Image: Freepik
AI data centres drive down power bills – at least that is the headline that Nextdc’s Shayne Kumar led with at this week’s energy forum in Melbourne.
He says AI data centres “actually help to drive down power bills” by creating a flat load that sucks up excess solar and drives up network use during the day.
“They can actually help to drive up utilisation during the hours the grid is not utilised and help to smooth out the costs that would otherwise be leveraged onto affiliate consumers,” he said at Australian Energy Week.
“Enabling growth at data centres does actually help drive down the network component of bills, so 30-40 per cent of bills.”
Kumar was at his most controversial at the AEW conference, pushing networks to move faster, and even saying that using data centres’ backup diesel generators might be a better option than building new gas peaking plants as a way to unleash “inherent” flexibility.
“Almost every data centre has backup diesel generation, and if you’re only running these for a handful of hours a year, perhaps that is better than underwriting a taxpayer funded gas peaker that only fires up once a year,” he says.
But as with much said by the data centre industry, these benefits are still theoretical even if they are backed by forecasts from networks themselves.
New South Wales (NSW) networks Ausgrid, Endeavour and Essential Energy do expect a drop in network fees for other customers.
“By increasing utilisation of our networks, increased demand from data centres can lower the share of network costs borne by other customers, lowering the network portion of electricity bills,” the networks said in a joint submission to the NSW data centre inquiry in March.

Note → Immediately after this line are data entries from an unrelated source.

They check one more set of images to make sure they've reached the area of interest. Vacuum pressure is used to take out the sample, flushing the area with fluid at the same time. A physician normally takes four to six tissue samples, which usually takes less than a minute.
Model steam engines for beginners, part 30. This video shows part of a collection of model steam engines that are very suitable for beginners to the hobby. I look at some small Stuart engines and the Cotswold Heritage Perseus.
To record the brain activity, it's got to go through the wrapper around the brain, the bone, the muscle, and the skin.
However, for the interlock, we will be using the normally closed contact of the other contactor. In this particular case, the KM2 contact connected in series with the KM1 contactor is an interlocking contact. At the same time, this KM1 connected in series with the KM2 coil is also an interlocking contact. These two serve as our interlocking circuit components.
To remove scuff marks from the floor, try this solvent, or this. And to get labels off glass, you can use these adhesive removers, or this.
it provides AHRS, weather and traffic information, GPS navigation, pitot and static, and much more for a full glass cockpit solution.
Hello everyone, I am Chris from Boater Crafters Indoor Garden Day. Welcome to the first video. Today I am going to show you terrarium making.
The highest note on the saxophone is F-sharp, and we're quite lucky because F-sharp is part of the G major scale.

“This is due to the fact that network revenues are fixed by the Australian Energy Regulator (AER), so spreading the same amount of revenue across more units of demand lowers average costs for our other customers over time.”
The other question is when consumers can expect to see this benefit.
In the same submission, Ausgrid said its proposed Wallumatta substation is being planned to support data centre demand and if it’s approved it will play a role in pushing down consumer network bills by spreading fixed network costs over higher consumption.
In May, the energy market regulator lowered Jemena’s prices so annual network costs are set to fall by $189 by 2030-31 for a typical residential customer and $516 lower for a typical small business customer, compared to 2025-26.
Jemena’s Shaun Reardon said this was because of higher electricity use across the network by “new major connections” as well as higher household use.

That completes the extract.